In [1]:
# Data Wrangling Workshop Chapter 8 Activity Program
# DSC 540
# Weeks 11 and 12
# Data Preparation Assignment Weeks 11 and 12
# David Berberena
# 6/1/2024

# Program Start

## Activity 8.01

In [2]:
# Prior to the activity questions, the guidelines state that we need to access the petsdb database in SQL, which means that 
# I need to import the sqlite3 library to perform SQL commands within Python.

import sqlite3

# To access the petsdb database, I can use sqlite3's connect() function while naming the database as the argument. However, 
# the activity instructions say that I need to verify the connection to the database, so I will encase this connect() 
# function within a try-except block of code and run the verification of the database connection as a function, with the 
# function performing a SELECT SQL command using the cursor() and execute() functions of sqlite3.

def sql_verify():
    try:
        pet_database = sqlite3.connect('petsdb')
        pet_cursor = pet_database.cursor()
        pet_cursor.execute('SELECT 1')
        pet_database.close()
        return True
    except sqlite3.Error as error:
        print(f'Something went wrong. {error}')
        return False

# The if-else statement here prints the resulting statement should the verification function prove to be successful or not.
    
if sql_verify():
    print('You have successfully connected to the petsdb database!')
else:
    print('There was a problem connecting to the petsdb database.')
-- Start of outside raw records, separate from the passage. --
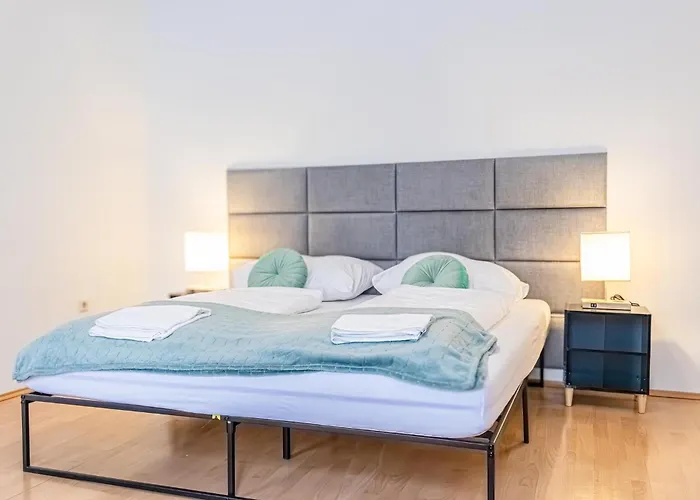 Comfortable 2br For 5, Near Wiener Stadthalle Apartment Vienna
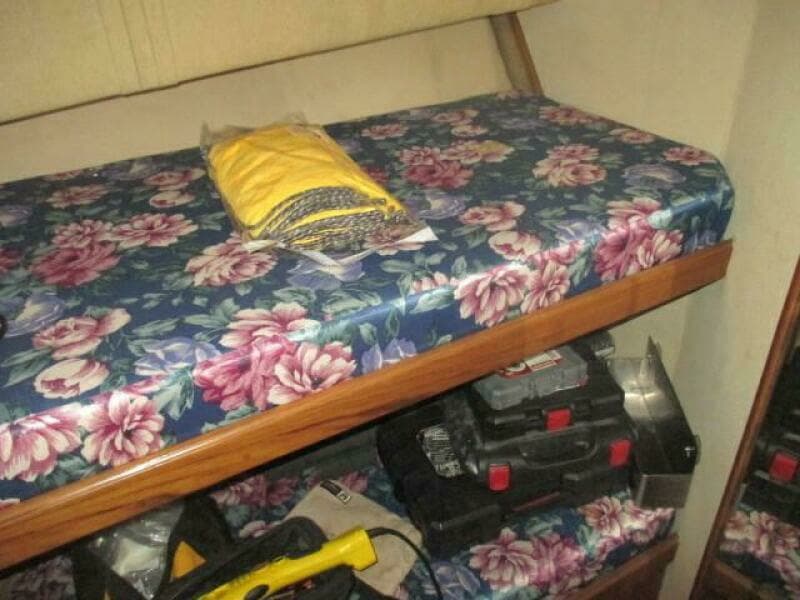 1997 Egg Harbor Golden Egg 35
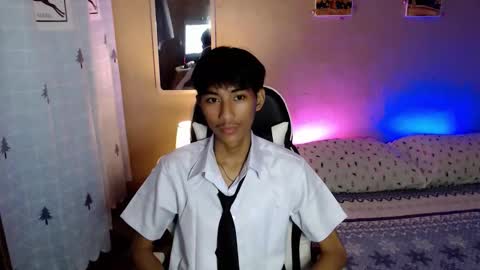 Snapshot of fineboii_rey18 chatting on 22, 9, 2025 fineboii_rey18 online show from 22, 9, 2025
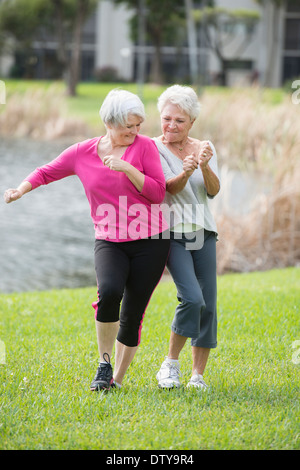 Senior kaukasischen Frauen spielen im park Stockfoto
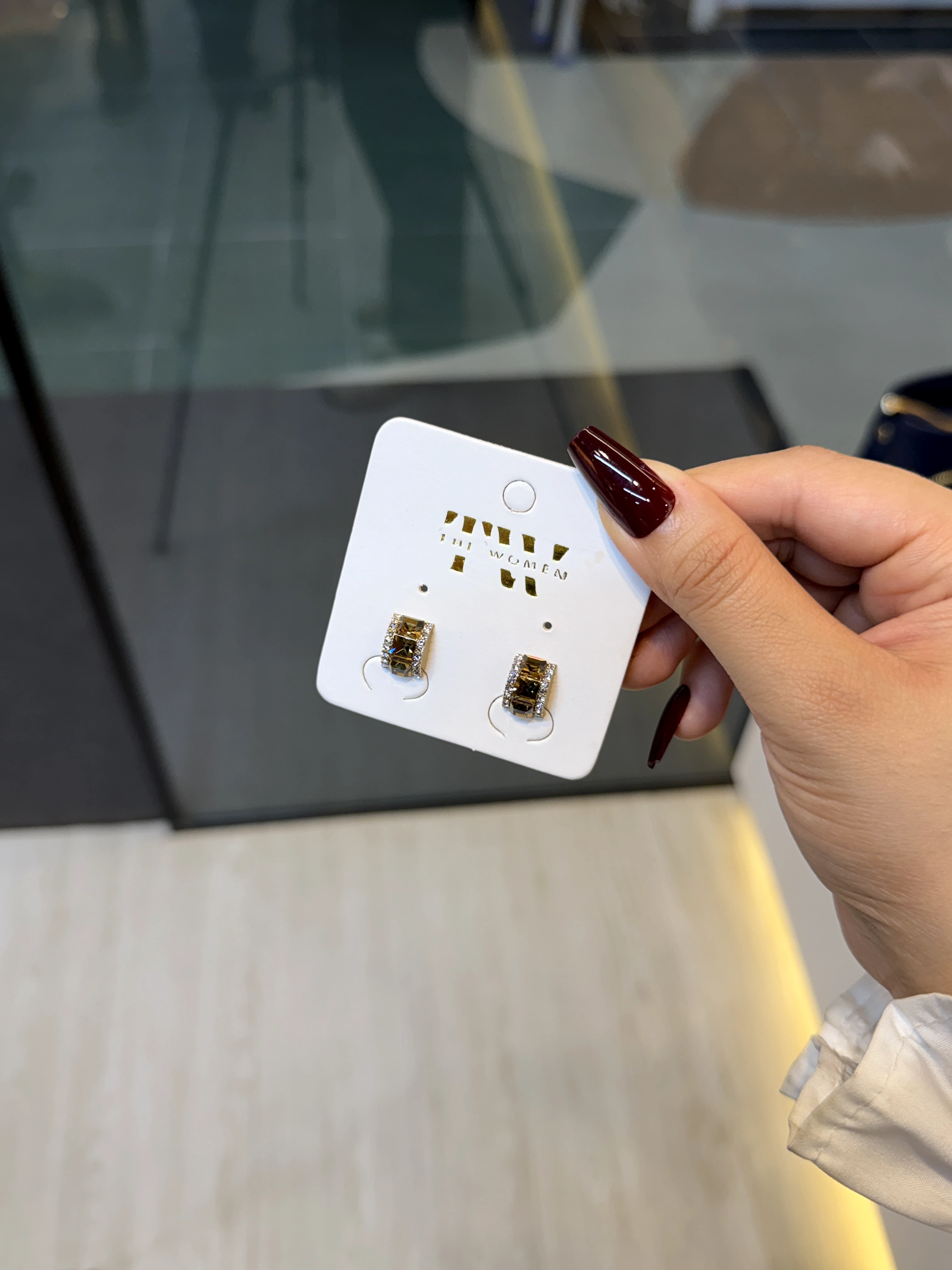 Exclusive Stone Earring - 1311933K117 (Brown)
You have successfully connected to the petsdb database!


In [3]:
# 1. What is the count of people belonging to different age groups in the persons table?

# As there are an unspecified number of age groups, yet there are more than 1, I have decided to create another function 
# that iterates through the persons table within the petsdb database in SQL. The function selects all rows in the table, 
# gleans the age of each person within the persons table, groups those people by the ages that were just identified, and 
# counts the number of people in each age group. The fetchall() function allows me to store the results into a Python 
# variable that I can then use a for loop on to extract the count of people and their respective age groups.

def people_ages():
    pet_database = sqlite3.connect('petsdb')
    pet_cursor = pet_database.cursor()
    pet_cursor.execute('SELECT count(*), age FROM persons GROUP BY age')
    age_groups = pet_cursor.fetchall()
    for num_persons, age in age_groups:
            print(f'We have {num_persons} people aged {age}')
    pet_database.close()
            
# The function is called to display the number of people in each age group.
            
people_ages()

We have 2 people aged 5
We have 1 people aged 6
We have 1 people aged 7
We have 3 people aged 8
We have 1 people aged 9
We have 2 people aged 11
We have 3 people aged 12
We have 1 people aged 13
We have 4 people aged 14
We have 2 people aged 16
We have 2 people aged 17
We have 3 people aged 18
We have 1 people aged 19
We have 3 people aged 22
We have 2 people aged 23
We have 3 people aged 24
We have 2 people aged 25
We have 1 people aged 27
We have 1 people aged 30
We have 3 people aged 31
We have 1 people aged 32
We have 1 people aged 33
We have 2 people aged 34
We have 3 people aged 35
We have 3 people aged 36
We have 1 people aged 37
We have 2 people aged 39
We have 1 people aged 40
We have 1 people aged 42
We have 2 people aged 44
We have 2 people aged 48
We have 1 people aged 49
We have 1 people aged 50
We have 2 people aged 51
We have 2 people aged 52
We have 2 people aged 53
We have 2 people aged 54
We have 1 people aged 58
We have 1 people aged 59
We have 1 people aged 60
We ha

In [4]:
# 2. Which age group has the maximum number of people?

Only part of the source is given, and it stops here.